> [About this task]:
For this exercise, copy all the data exactly and include none of the pictures.
-- Dataset section follows --
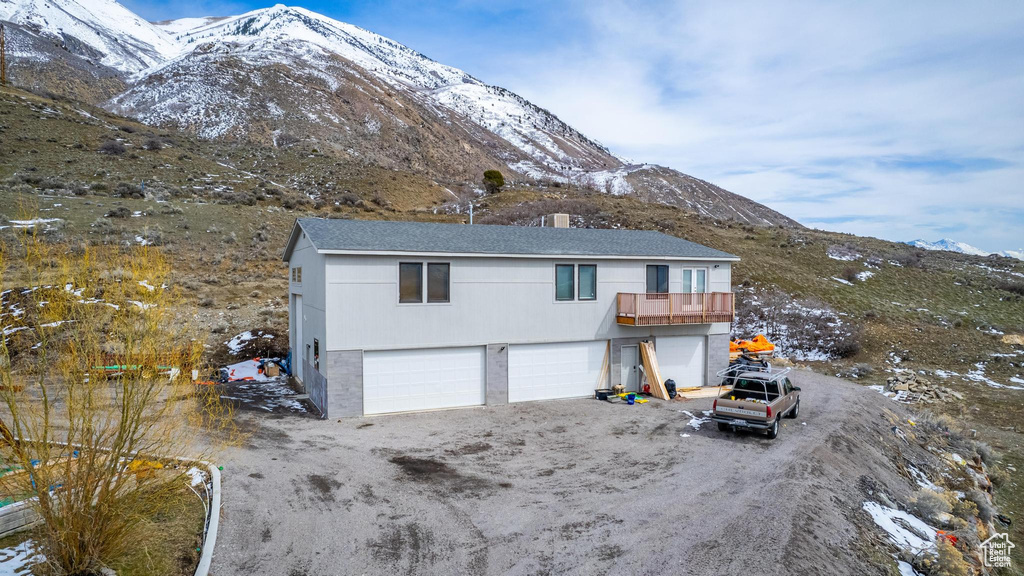 View of front of home with a mountain view, a garage, and a balcony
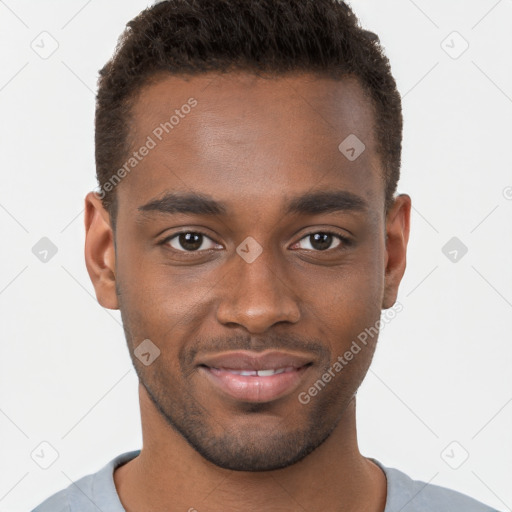 Joyful black young-adult male with short  brown hair and brown eyes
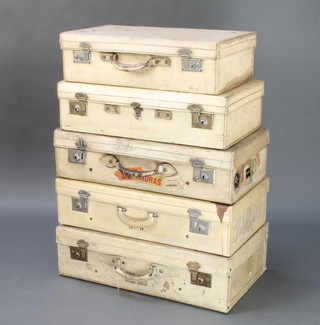 A parchment suitcase retailed by Harrods with brass locks 8" x 28" x 17" (some scuffing), a W H Stanley parchment suitcase with chrome locks with 13 luggage labels 7" x 28" x 15", a Pendragon parchment suitcase with chrome locks 7" x 28" x 15", a parchment suitcase with chrome mounts 7" x 24" x 15" (stitching loose in places) and a parchment suitcase (handle missing) 7" x 26" x 15", all scuffed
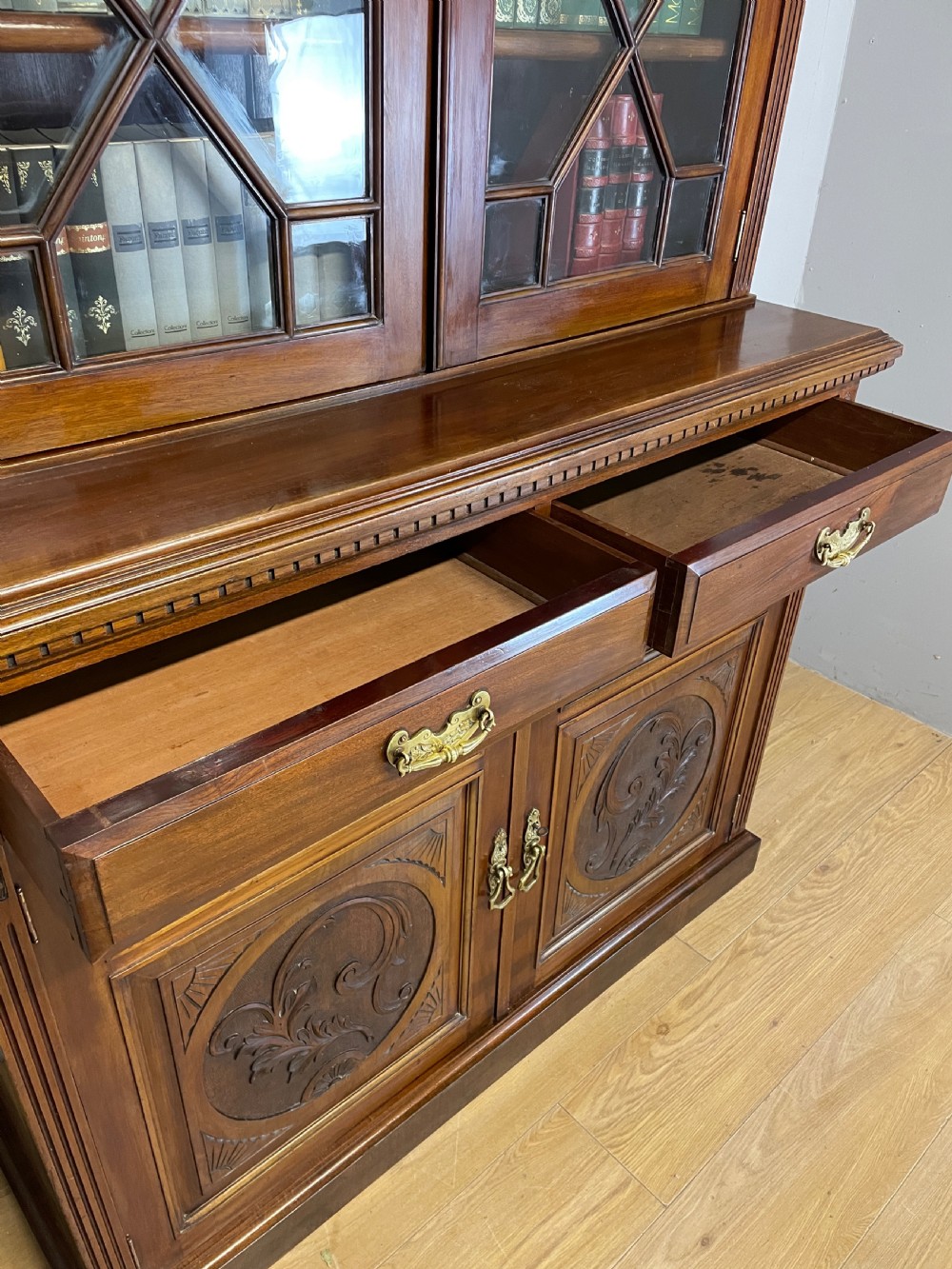 A late 19th-century solid walnut Arts and Crafts bookcase over cupboard featuring upper geometric astragal glazed doors and lower carved foliate panels. View VIII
-- Dataset section concluded --
> [Written response]:
 View of front of home with a mountain view, a garage, and a balcony
 Joyful black young-adult male with short  brown hair and brown eyes
 A parchment suitcase retailed by Harrods with brass locks 8" x 28" x 17" (some scuffing), a W H Stanley parchment suitcase with chrome locks with 13 luggage labels 7" x 28" x 15", a Pendragon parchment suitcase with chrome locks 7" x 28" x 15", a parchment suitcase with chrome mounts 7" x 24" x 15" (stitching loose in places) and a parchment suitcase (handle missing) 7" x 26" x 15", all scuffed
 A late 19th-century solid walnut Arts and Crafts bookcase over cupboard featuring upper geometric astragal glazed doors and lower carved foliate panels. View VIII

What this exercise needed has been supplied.